I have a server equipped with 3 Quadro P2000 and one GTX 1050. Quadros have 5GB of video memory and GTX has 4GB. I use DataParallel for multi gpu processing. But i notised, that batch size limited to 4gb and when i try to increase batch size I catch OOM on GTX.
For example if i use batch size 50 GTX memory is full, but each Quadro use only 4GBs instead of 5GB. So I got 3GB of unused GPU Ram in total. And when I increase batch size to 56 I catch OOM beacuse the GTX memory is full.

So the question is: What is the correct way to use all available gpu memory

I use this code to parallalize training

net = model()
    if torch.cuda.device_count() > 1:
        net = torch.nn.DataParallel(net, device_ids=list(range(torch.cuda.device_count()))) 
    net.to('cuda')

Ps. GTX index is 0

Thank you for your support !!!

eqy · November 30, 2021, 10:50pm

I believe DataParallel assumes identical or very similar GPUs give the _check_balance warning here:
torch.nn.parallel.data_parallel — PyTorch 1.10.0 documentation

However, you may want to check that using the 1050 is beneficial from a load-balancing perspective to begin with as it may be bottlenecking training compared to the P2000s even when accounting for the difference in available memory.

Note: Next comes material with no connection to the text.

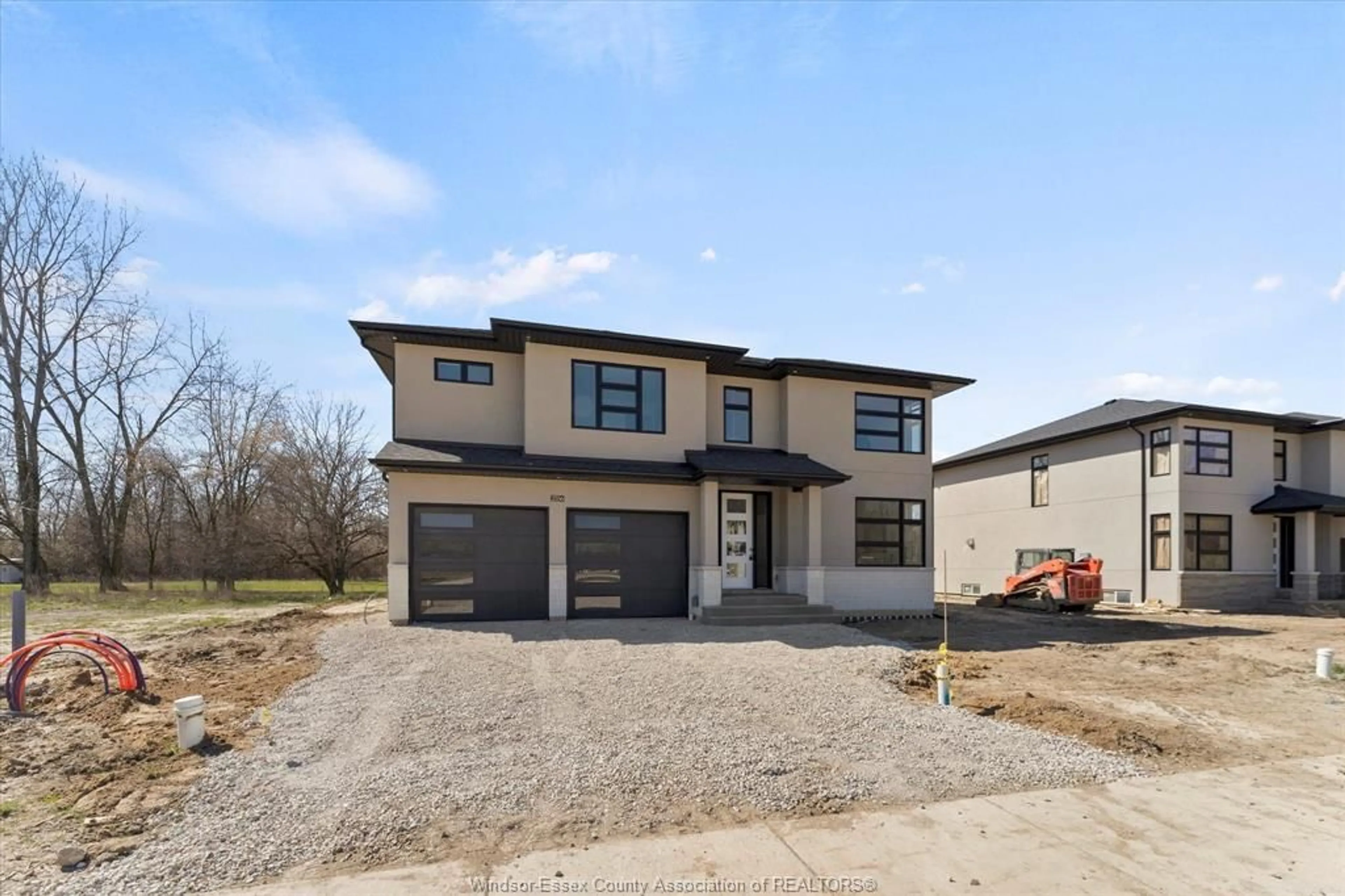 Home with brick exterior material, street for 2556 MAYFAIR South Ave, LaSalle Ontario N9J 3P1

my3bikaht · December 1, 2021, 8:26am

Also take a look at this post:

dr.interned · December 2, 2021, 5:00pm

Seems like Distributed Data Parallel is the solution. Thanks a lot!!! I’ll try this

dr.interned · December 2, 2021, 5:02pm

Thank you for your reply! It looks like regular dataParallel is not the best way for multi gpu training. Thank you!